Is Amazon evil, or are they just really good at business?
February 15, 2012 | 12:19 pm
By Joanna Cabot
Nico Vreeland’s earlier post, which Teleread reprinted earlier, was one of many articles I have lately seen which explore the issue of the publishers versus Amazon. Is Amazon evil? Are their business practices ‘predatory’ and should publishers be trying to disable them? More and more, I am thinking the answer to these questions is no. Amazon is not evil. They have just figured out what the customers want better than anybody else has so far, and they are giving it to them. Vreeland points out, correctly, that customers don’t buy ‘Random House books’ or ‘Penguin Books.’ They buy Stephen King books or James Patterson books or whomever. If Patterson moved publishers, his loyal readers would follow him and most of them probably wouldn’t even know the difference.
Most of us understand that. Most of us recognize that while publishers can and do gain share when they cross-promote a new author to the fans of another, similar one. But for the most part, the author is more of a brand than the publisher is. But here is the missing link—the author is more of a brand than the STORE is too! When Amazon first launched in Canada, I remember how our national chain, Indigo, pitched an epic fit and tried to use protectionist Canadian laws to block them from doing business. What they failed to realize was that people didn’t want Amazon because they liked American companies better. They liked it because it was just a better website! Even now, years later, it STILL is a better website. It has more reviews than the Indigo main site, it has a better experience for casual browsers, it has emails and promotions, it has a bigger catalogue and so on. People wanted those features. If Indigo had provided them, people would have been just as happy to shop there.

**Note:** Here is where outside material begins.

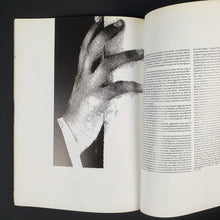 Load image into Gallery viewer, La recherche photographique - Roland Barthes Periodical Rare
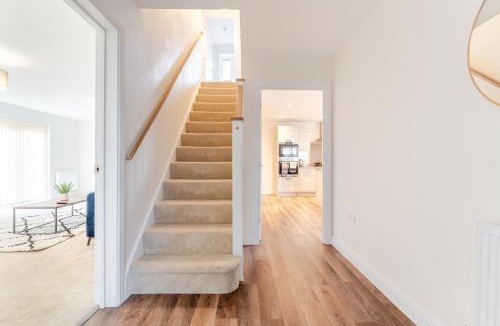 Stoke Gifford House | Spacious 4-Bed Contractor Home in Stoke Gifford, Bristol, with access to Bristol Parkway, free parking, and Wi-Fi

It’s the same with ebooks. Amazon is just creating a better experience right now. I am a veteran of three other ebook stores, and I shop nearly exclusively at Amazon because I had needs, and these other stores failed to meet them. For example:
– I bought a book from eBookwise once when I had their device. Their DRM scheme was unusually restrictive though and once I learned that any book I bought could never be read on another device again, even one I might buy from them, that one book became the only book I bought. Contrast that to Amazon, who has software that lets me read across my computer, my iPad, my Kindle and my iPod and synchronize my notes and bookmarks between them. It’s just a better experience. If eBookwise could offer that experience, I might have stayed there.
– Fictionwise was my next bookstore. I liked their website interface, I liked their coupons and sales, I liked that I could filter by format, pay using loyalty points and maintain a wishlist. But the eReader format is clunky and not easily compatible with my current devices, and after agency pricing kicked in, their catalogue shrunk unconscionably. They do have (and continue to have) a wide selection of indie books, but since they do not allow sampling, it makes weeding out the bad ones near impossible. I spent too much money on books which were only so-so. Now, I buy from Amazon instead so I can sample first—and once I make my decision, it is one click to buy at once easily synchronize across my devices without side-loading.
– I bought from Kobo after Fictionwise went to the dogs. I liked their prices, and I liked their focus on Canadian content. I think they have made a very smart play by partnering with local chains and promoting local authors, and their software does allow cross-platform synccing like Amazon does. But their continued reluctance to implement oft-requested wishlist and shopping cart features makes shopping their website a little pokey, their search function is terrible, and their sampling is often limited to just the copyright page and table of contents. They don’t have reviews or a recommendation engine, their customer service has been outsourced and now is terrible, and they just can’t compete with Amazon on sheer website usability.
So, Amazon for me is not the evil overlord out to ruin us all. It’s the store that has—for now—earned my business by providing me with features that other vendors failed to provide for me. In all cases, these other stores could have kept my business if they had. For me, the decision to jump ship was not about name brand of the store or about liking Canadian businesses better than American ones, or wanting the publishers or authors to be out of business. And in the examples I cite above, it wasn’t even about price and who is undercutting whom. It was about the features, the useability and the customer experience. The way to beat Amazon is not to complain about how evil they are. It’s to build a better website. If you want to compete, compete! Build a better website. Nobody is stopping you.